EXERCISE INSTRUCTIONS | Extract the whole listing as it stands. Do not include the pictures.

(DATA SEGMENT Opens)

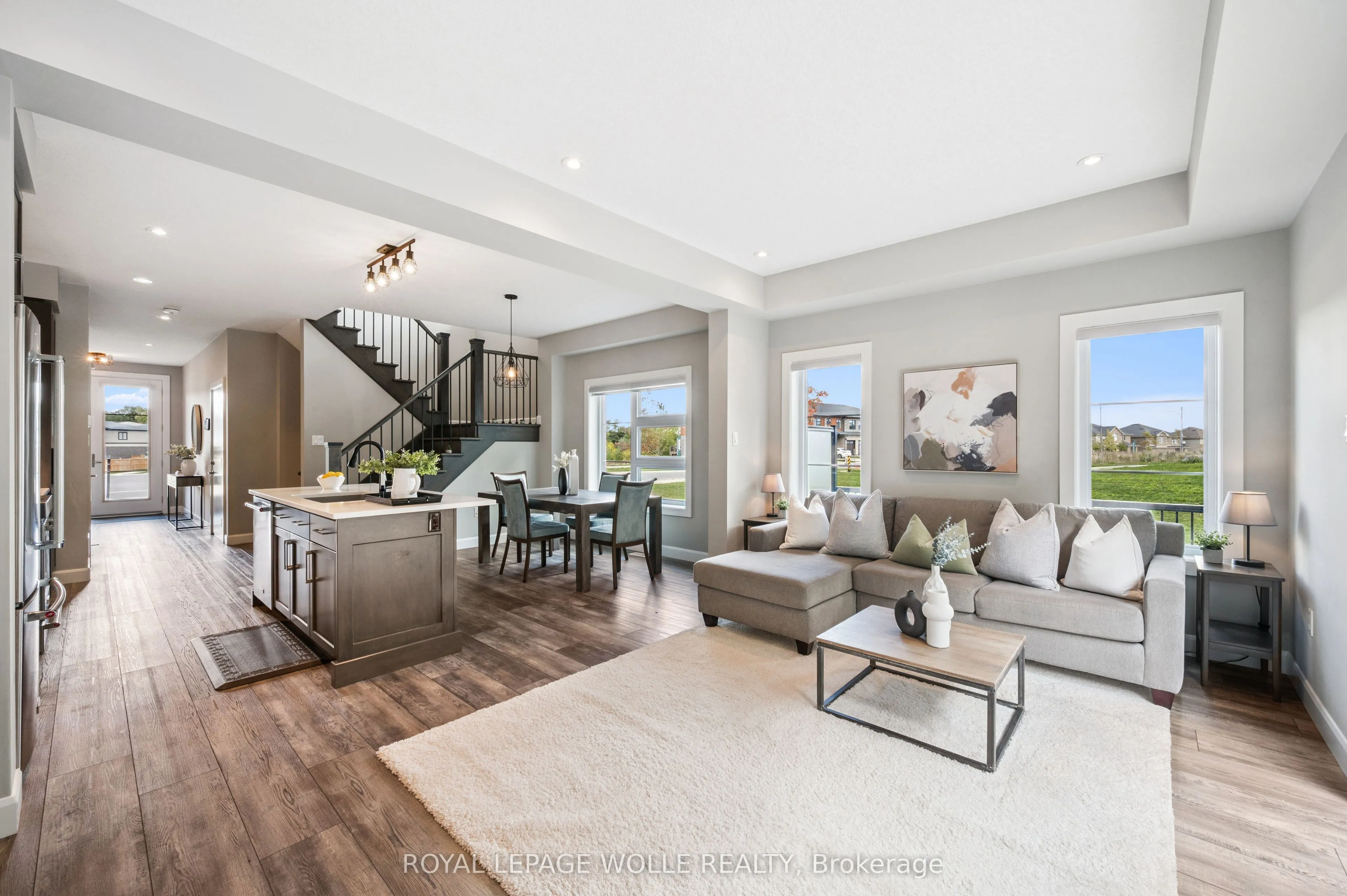 884 Robert Ferrie Drive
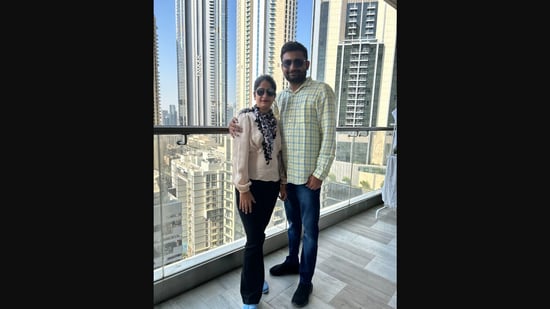 Founder-couple Komal Kokate and Himanshu Chaturvedi, who co-founded two ventures together. (LinkedIn/Komal Kokate)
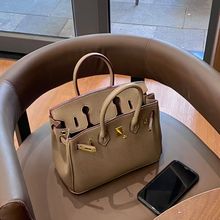 �r�н�䱬����֦�y�K���������б������Q�μ��i������羳Ů��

(DATA SEGMENT Closes)

TASK RESPONSE |
 884 Robert Ferrie Drive
 Founder-couple Komal Kokate and Himanshu Chaturvedi, who co-founded two ventures together. (LinkedIn/Komal Kokate)
 �r�н�䱬����֦�y�K���������б������Q�μ��i������羳Ů��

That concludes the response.